A lively debate in the cold – David Hockney gets OCA students talking
We had a lively visit to the Hockney exhibition last week with OCA tutors David Winning and Tony Hogan. The tutors didn’t share the same views on Hockney’s work, which added to the debate afterwards as we huddled together in the Royal Academy forecourt. All this added to the quality of the reflections students had after the event, some of which are published below.

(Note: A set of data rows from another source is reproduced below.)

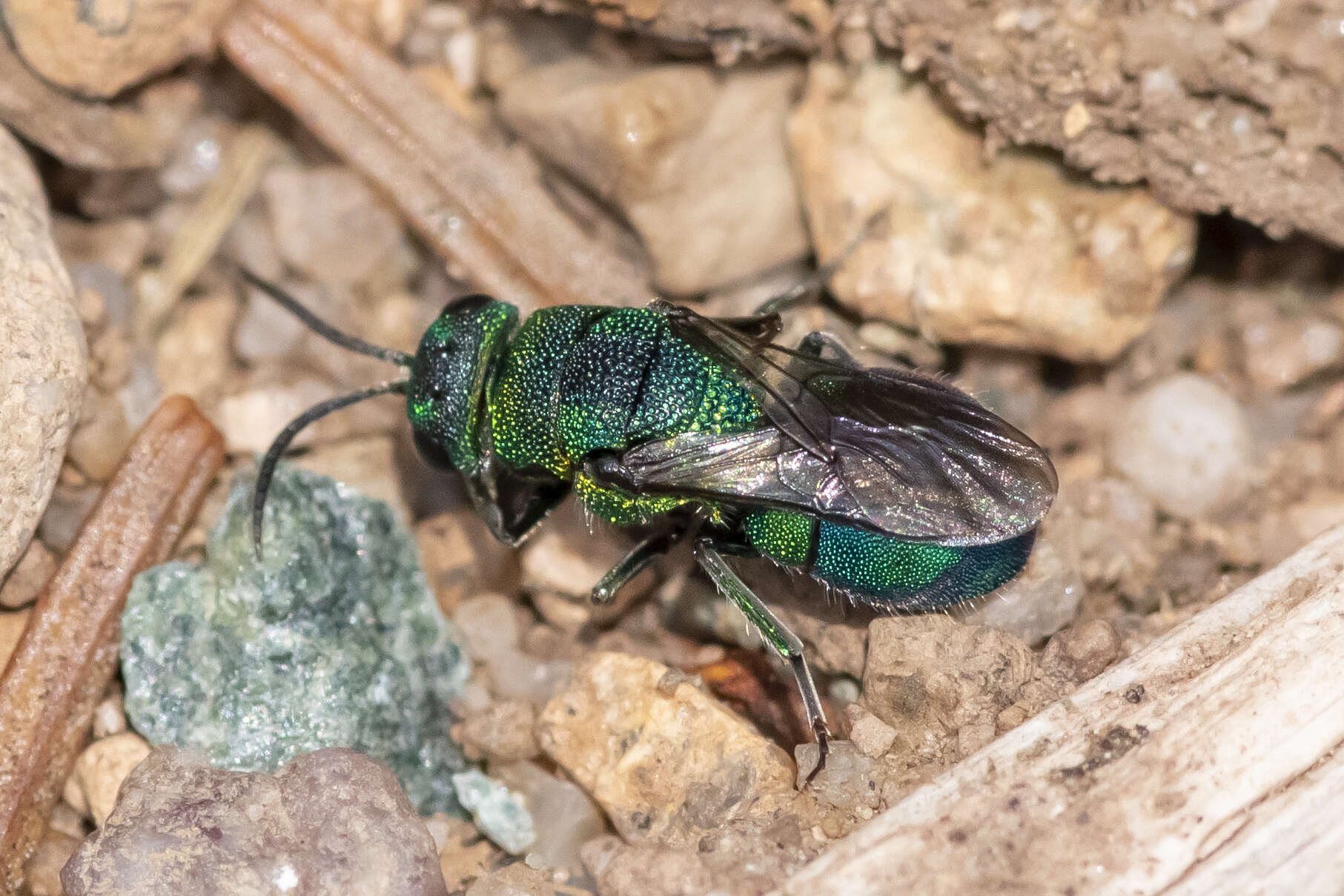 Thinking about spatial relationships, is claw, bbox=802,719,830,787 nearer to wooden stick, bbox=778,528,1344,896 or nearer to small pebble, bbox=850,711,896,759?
small pebble, bbox=850,711,896,759

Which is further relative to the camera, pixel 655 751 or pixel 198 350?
pixel 198 350

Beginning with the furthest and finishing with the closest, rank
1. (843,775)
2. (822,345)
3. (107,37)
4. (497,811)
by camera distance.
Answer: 1. (107,37)
2. (822,345)
3. (497,811)
4. (843,775)

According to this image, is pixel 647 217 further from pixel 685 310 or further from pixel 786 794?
pixel 786 794

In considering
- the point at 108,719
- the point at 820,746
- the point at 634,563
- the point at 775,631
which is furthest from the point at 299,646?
the point at 820,746

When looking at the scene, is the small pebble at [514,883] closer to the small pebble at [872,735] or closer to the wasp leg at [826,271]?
the small pebble at [872,735]

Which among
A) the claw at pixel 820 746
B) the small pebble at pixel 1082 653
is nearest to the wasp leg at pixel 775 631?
the claw at pixel 820 746

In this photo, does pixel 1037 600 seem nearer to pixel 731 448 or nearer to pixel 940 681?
pixel 940 681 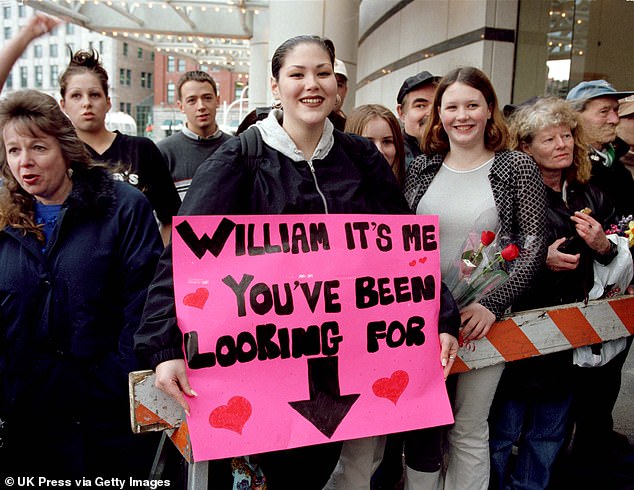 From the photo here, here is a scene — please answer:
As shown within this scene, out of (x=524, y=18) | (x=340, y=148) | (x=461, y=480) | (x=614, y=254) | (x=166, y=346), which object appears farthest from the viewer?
(x=524, y=18)

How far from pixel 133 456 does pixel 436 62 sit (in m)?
9.93

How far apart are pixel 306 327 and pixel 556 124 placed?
1.82m

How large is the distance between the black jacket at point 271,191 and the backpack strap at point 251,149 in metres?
0.01

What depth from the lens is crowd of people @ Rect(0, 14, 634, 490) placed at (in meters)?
2.19

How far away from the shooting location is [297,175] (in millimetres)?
2184

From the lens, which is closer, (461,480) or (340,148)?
(340,148)

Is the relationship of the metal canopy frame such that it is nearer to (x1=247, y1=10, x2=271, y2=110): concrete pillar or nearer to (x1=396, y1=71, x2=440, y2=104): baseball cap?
(x1=247, y1=10, x2=271, y2=110): concrete pillar

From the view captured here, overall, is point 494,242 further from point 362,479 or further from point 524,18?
point 524,18

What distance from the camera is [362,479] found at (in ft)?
8.38

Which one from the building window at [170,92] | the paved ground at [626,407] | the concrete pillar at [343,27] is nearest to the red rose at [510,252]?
the paved ground at [626,407]

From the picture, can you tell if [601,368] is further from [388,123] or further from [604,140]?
[388,123]

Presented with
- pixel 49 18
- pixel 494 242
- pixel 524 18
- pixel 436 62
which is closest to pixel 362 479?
pixel 494 242

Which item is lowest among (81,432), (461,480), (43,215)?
(461,480)

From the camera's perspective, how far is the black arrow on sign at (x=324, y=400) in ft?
6.76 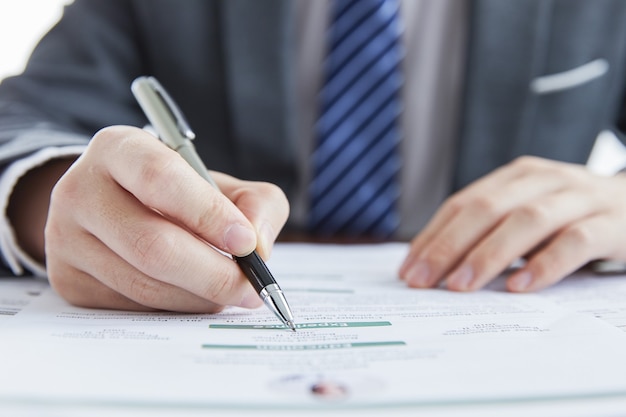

I managed to produce 24 pages of studies and written work on this exhibition and have two distinct feelings about the work on show. The first is awe because of the sheer size of the landscapes. I was energised and excited by the use of colours in his work, completed with expressive brush strokes painted as if the world was about to end or at least the next Yorkshire rain burst was about to fall. This looseness gave you a feeling as if many of the artworks were sketches recording the moment as Hockney experienced it. The highlight of the exhibition for me was the iPad art. These works obviously lacked texture but to compensate for this the differing amount of mark making within each one left you studying every corner of their picture plane and reminded me of Hockney’s message – observe, observe and observe. The image that made the greatest impression on me was the large “The Arrival of Spring in Woldgate, East Yorkshire in 2011” which had a completely different feel and design to it than the others, taking Hockney’s stylisation to the extreme. It was on this painting that the most amount of layering and reworking could be seen, which satisfies my urges as a painter for thick paint! This painting also stood out because of the contrast between it and the racks of 51 printed out ipad paintings on display in the same room. I’ve been unable to get the vivid colours from some of these paintings out of my head, so I know I’ve absorbed something positive from it.
Delia Hiscock Walker
The Hockney visit gave me some powerful messages for the use of paint and the processes of painting. I loved the comment of one tutor who said, ‘ You have to be able to do the rules to break the rules’ For me the painting process must be exhilarating and though painful at times, meaning and context is paramount. I appreciated the structures of the work and the skills involved. I loved the colour and the scale of these paintings and the gargantuan effort to create them. The knowledge of the tutors really helped to see the processes behind the works and I for one will use some of these tips and insights. I shall spend more time with charcoal, pen and chalk to execute my drawings to a higher standard, having seen those of Hockney. in addition, the paintings will be a tantalising reference for me in the future as they stare back at me in reproduction.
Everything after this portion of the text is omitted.